🎲[AI] 다중 분류, Softmax, Cross Entropy

mandu·2025년 5월 14일

[AI]

목록 보기

19/20

해당 글은 FastCampus - '[skill-up] 처음부터 시작하는 딥러닝 유치원 강의를 듣고,
추가 학습한 내용을 덧붙여 작성하였습니다.

1. 다중 분류 (Multi-class Classification)

입력값 x에 대해 여러 클래스 중 하나를 예측하는 문제
출력은 확률 벡터이며, Softmax 함수를 통해 각 클래스에 대한 확률을 구함
클래스 별 확률 값들을 전부 더하면 1
예측 결과는 가장 높은 확률을 가진 클래스 선택

이진 분류 (Binary classification)

Sigmoid의 출력 값은 0 ~ 1이므로, 확률 값 P(y|x)으로 생각해볼 수 있음.

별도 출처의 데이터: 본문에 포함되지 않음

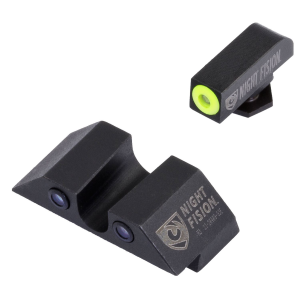 Night Fision GLK001007YGZ Tritium Night Sights For Glock Fixed U-Notch Black Ring Rear/ Yellow Ring Front/Black Frame, Compatible w/Glock 17/17MOS/19/19MOS/22/23/26/27/33/34/35/37/38/39/42/43/43X/45/47/48 Front Post/Rear Dovetail Mount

신경망은 True 클래스의 확률 값을 뱉어낸다고 정의하여 Classificaiton을 확률 문제로 치환할 수 있음

2. Softmax 함수

입력 벡터를 discrete(이산) 확률 분포로 변환하는 함수
모든 클래스 확률의 합은 1
수식:

$softmax_i(x) = {exp(x_i) \over \sum_{j=1}^n exp(x_j)}$

분류기 출력은 각 클래스에 대한 확률 벡터로 해석됨

$softmax(x) = [softmax_1(x) ... softmax_n(x)]$

One-hot encoding

하나의 값만 1이고 나머지는 0인 벡터로 표현하는 방식

ex)
Dog [1, 0, 0]
Cat [0, 1, 0]
Bird [0, 0, 1]

카테고리 수가 많아지면 벡터가 고차원(sparse) → 메모리 비효율

대안으로는 embedding 방법이 많이 쓰임 (특히 딥러닝에서)

항목 One-hot Encoding Embedding
표현 방식 0과 1의 희소 벡터 연속적인 실수 벡터
차원 클래스 개수만큼 (보통 매우 큼) 하이퍼파라미터로 지정된 저차원 (예: 5차원)
정보량 의미 없음 (순서·유사도 無) 유사도, 의미를 벡터 공간에 반영
메모리 효율 매우 비효율적 (sparse) 효율적 (dense)
예시 [1, 0, 0], [0, 1, 0], [0, 0, 1] [0.12, 0.3, ..., -0.4], [0.51, ..., 0.06], [0.02, ..., -0.11]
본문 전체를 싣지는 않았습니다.